A Writer Writes
My Race Problem: Who Is A Patriot?
By Michael Varga (Chad 1977-79)
In 1976, the U.S. bicentennial year, I was cornered by my Aunt Martha. She had worked for the Pentagon in a variety of administrative positions and believed strongly in serving our country. My eldest brother had been drafted during the Vietnam War and served in Southeast Asia for a 14-month tour. She was proud of his service but she was chagrined about what I was planning to do.
“Why can’t you teach in America?” she asked. She stood with arms akimbo and placed her hands on her hips.
“This is my opportunity to travel. To see something outside of Philadelphia,” I answered. In our Italian family, people spoke of the “evil eye,” a sort of death stare that translated as what you just said is not even worthy of a response. She gave me the full evil eye.
“Why do they have to learn English?”
“It’s where the Peace Corps is sending me. It’s the job they’re giving me.”
Aunt Martha had been a strong supporter of mine. She had sent me checks over the years as I completed my undergraduate degree as a secondary school English teacher. She had not had children of her own and as my aunt, she believed strongly in my role in the family as her loving nephew. She had envisioned my getting a job in one of the local high schools and remaining somewhere nearby. She imagined my being happy as a Philadelphian in Philadelphia. But by signing up to join the Peace Corps, I was upending everything she thought she knew about me.
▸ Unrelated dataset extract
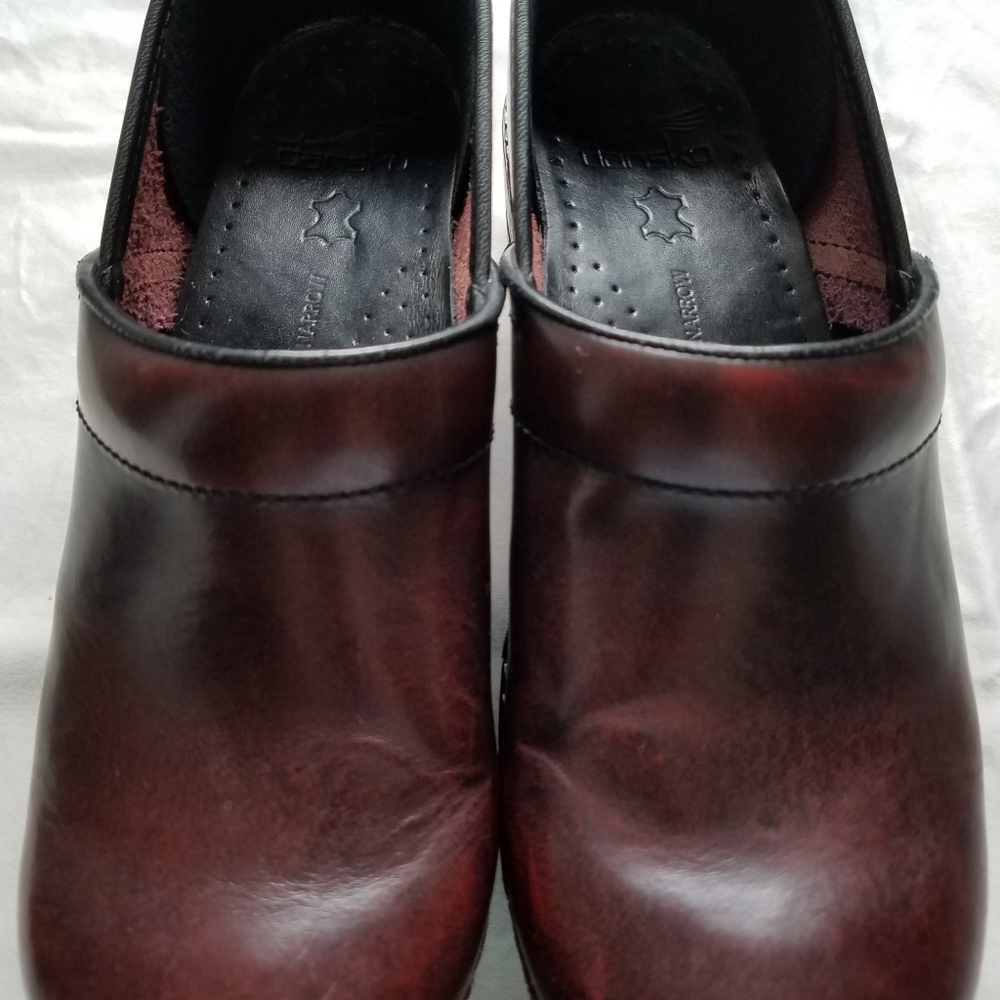 Dansko Womens leather clogs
“But I don’t get why you have to teach Negroes!” she wailed. She started to cry and I reached for her shoulder and hugged her. She continued to whimper and I held her tight.
The Peace Corps was sending me to Chad, Africa as a high school English teacher. I was leaving in a matter of weeks. She was making a final effort to dissuade me from following that plan.
“They’re Africans,” I said. “Yes, they’re black but that’s not important. What’s important is that the U.S. is committed to helping other nations develop. The Peace Corps is just one part of that effort.”
We were a lower class white family, living in a suburban Philadelphia neighborhood. There were no blacks in our neighborhood and we rarely saw anybody who didn’t look like us. My grandparents had come from Italy and Hungary at the beginning of the twentieth century and had achieved a better life for themselves in their new home, America. But they did not know anything about Negroes and kept their distance from them.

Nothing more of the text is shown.